The numbers that shaped Kendall’s address are worth understanding clearly. Some 70 per cent of global AI compute is currently controlled by just five companies. Control over where AI systems are built, how they operate and who governs them has become a question of economic, energy and defence security. Britain, with a technology sector valued at $1 trillion, world-leading universities and the globally influential AI Security Institute, is better placed than most to compete.
A platform built on strength
The government’s approach is grounded in an honest assessment of where British advantage actually lies. Rather than competing across every dimension of the AI landscape, the strategy focuses on the areas where the UK can build real and lasting leverage: frontier research, compute infrastructure, skills development and a strong pipeline of domestic companies. These are not aspirational targets. They describe capabilities that already exist and now have a clear framework behind them.
For companies operating at the frontier of technology, professional services or financial markets, this is a meaningful move. Government backing for the domestic AI ecosystem reduces the risk attached to building or investing in British AI infrastructure. The foundations are in place and policy is now aligned with commercial ambition.
The UK AI hardware plan
The most concrete announcement from Kendall’s address was the development of a dedicated UK AI hardware plan, focused on securing Britain’s capability in chips and the semiconductor technologies that underpin the full AI hardware stack. The logic is straightforward: compute infrastructure is not just a commercial asset but a national one. A credible domestic position in hardware creates leverage, reduces supply chain risk and opens commercial opportunities that currently flow elsewhere.

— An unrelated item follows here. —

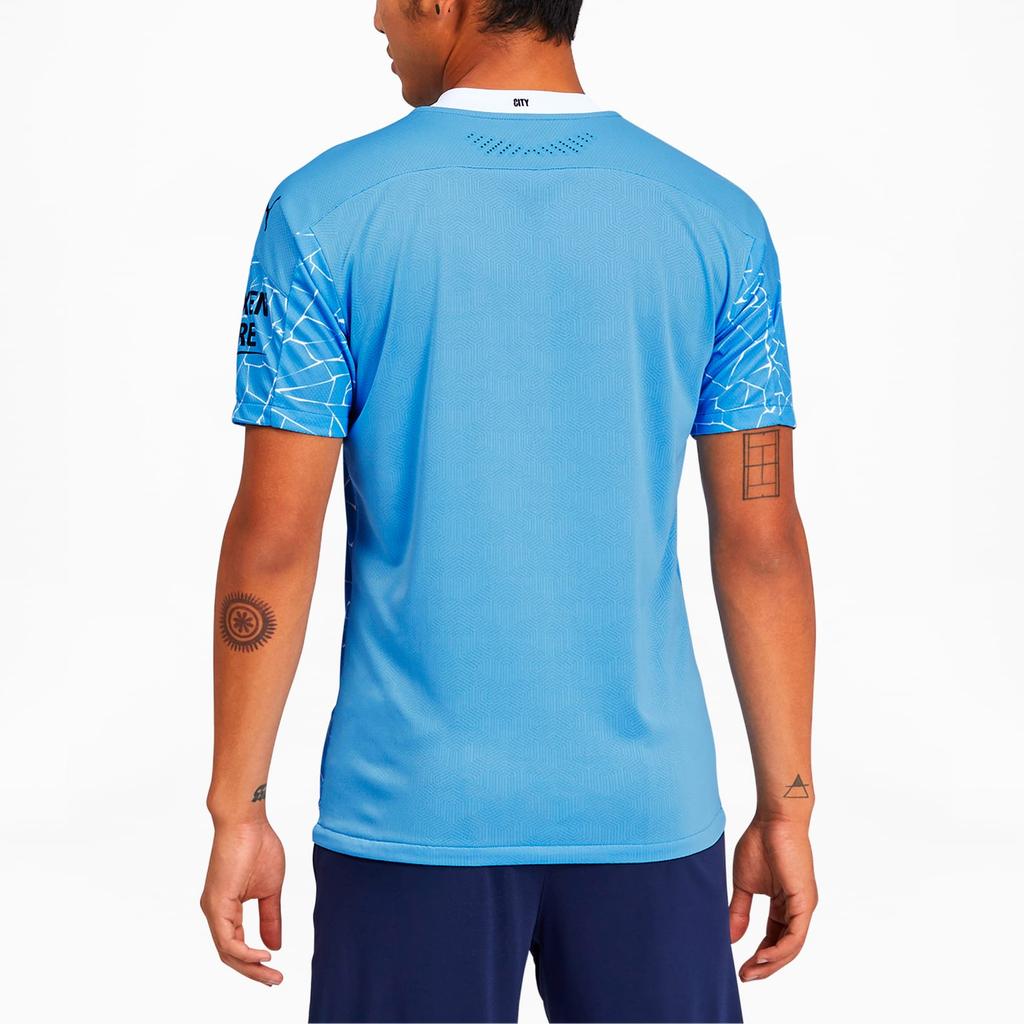 Puma 20-21 Season Manchester City Home Player Edition T-Shirt Men Tops Sky-Blue 757057-01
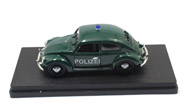 大众甲壳虫 VOLKSWAGEN 警车 汽车模型  意大利 RIO 1:43 绿色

For senior leaders, this matters in practical terms. Companies that position themselves close to this emerging infrastructure, whether as suppliers, partners or early adopters of domestically sourced compute capability, stand to benefit from a policy environment pulling in the same direction. The hardware plan signals clear intent to build that pipeline.
Collaboration as commercial opportunity
Liz Kendall’s second strategic pillar, closer collaboration with allied nations on both AI infrastructure and standards-setting, carries significant commercial implications. Standards developed now will govern how AI systems are built, audited and traded for years to come. The countries and institutions that shape those standards do not merely follow the rules; they influence the market itself.
“For Britain, AI sovereignty is about reducing over-dependencies and increasing resilience in key national strategic priorities. So we secure greater control and greater leverage over the issues that matter most.”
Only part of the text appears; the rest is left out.